EXERCISE INSTRUCTIONS — Counting only lines that contain "Chapter", how many are there in the records below? Give the figure alone.

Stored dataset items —
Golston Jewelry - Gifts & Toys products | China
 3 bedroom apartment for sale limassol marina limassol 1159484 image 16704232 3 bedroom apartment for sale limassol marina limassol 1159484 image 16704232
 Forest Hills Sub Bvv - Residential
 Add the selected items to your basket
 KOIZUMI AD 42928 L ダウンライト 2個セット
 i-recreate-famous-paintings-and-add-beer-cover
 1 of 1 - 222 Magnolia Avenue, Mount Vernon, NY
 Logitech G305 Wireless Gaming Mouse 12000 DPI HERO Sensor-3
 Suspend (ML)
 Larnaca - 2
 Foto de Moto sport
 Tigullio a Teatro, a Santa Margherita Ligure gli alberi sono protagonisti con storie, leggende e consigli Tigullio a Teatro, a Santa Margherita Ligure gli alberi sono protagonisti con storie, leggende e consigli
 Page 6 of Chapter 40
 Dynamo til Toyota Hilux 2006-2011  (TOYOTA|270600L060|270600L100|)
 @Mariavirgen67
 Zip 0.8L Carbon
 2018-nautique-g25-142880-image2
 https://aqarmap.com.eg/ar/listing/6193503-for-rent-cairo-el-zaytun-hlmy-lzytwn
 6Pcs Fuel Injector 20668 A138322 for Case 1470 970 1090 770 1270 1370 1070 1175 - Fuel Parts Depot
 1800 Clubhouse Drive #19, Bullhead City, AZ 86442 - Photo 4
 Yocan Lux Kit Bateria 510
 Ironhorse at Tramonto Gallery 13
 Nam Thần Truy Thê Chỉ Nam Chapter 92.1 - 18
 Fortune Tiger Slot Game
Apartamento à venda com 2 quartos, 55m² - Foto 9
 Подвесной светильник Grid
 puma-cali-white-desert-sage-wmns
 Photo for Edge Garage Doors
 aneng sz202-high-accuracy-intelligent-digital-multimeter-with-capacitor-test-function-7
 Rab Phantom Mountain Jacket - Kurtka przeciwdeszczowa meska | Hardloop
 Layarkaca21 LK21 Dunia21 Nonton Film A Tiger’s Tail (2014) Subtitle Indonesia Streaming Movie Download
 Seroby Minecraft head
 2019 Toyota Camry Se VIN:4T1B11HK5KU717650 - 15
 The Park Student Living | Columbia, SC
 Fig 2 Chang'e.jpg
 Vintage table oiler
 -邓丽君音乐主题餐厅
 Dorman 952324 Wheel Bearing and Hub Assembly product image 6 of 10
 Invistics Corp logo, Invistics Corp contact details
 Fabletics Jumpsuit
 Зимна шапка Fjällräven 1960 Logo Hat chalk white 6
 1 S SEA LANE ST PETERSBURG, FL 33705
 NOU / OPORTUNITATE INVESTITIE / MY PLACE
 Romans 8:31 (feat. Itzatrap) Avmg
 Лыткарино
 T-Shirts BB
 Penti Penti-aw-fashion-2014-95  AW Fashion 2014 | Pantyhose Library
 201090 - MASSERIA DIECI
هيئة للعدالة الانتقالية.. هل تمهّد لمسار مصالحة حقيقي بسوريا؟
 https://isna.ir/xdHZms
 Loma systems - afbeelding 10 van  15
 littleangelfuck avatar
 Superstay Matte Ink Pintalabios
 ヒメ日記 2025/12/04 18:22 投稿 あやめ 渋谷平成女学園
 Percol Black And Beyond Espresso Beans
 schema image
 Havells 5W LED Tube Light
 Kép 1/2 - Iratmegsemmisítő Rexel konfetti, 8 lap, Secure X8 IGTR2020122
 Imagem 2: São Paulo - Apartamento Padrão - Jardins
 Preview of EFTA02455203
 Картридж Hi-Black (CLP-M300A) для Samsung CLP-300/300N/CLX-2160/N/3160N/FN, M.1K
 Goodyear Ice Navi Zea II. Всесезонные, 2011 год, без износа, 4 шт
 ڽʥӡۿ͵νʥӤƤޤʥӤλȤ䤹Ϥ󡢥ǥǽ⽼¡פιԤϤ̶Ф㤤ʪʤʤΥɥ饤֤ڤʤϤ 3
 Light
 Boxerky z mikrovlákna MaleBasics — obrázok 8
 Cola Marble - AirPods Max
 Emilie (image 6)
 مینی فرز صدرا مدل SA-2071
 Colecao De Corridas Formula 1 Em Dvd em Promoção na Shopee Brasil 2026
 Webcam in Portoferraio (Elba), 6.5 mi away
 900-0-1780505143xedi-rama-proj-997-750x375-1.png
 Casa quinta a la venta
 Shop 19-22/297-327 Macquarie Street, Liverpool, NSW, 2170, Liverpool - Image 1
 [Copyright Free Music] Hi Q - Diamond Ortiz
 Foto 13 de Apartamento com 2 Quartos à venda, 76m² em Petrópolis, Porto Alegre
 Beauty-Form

SOLUTION — 2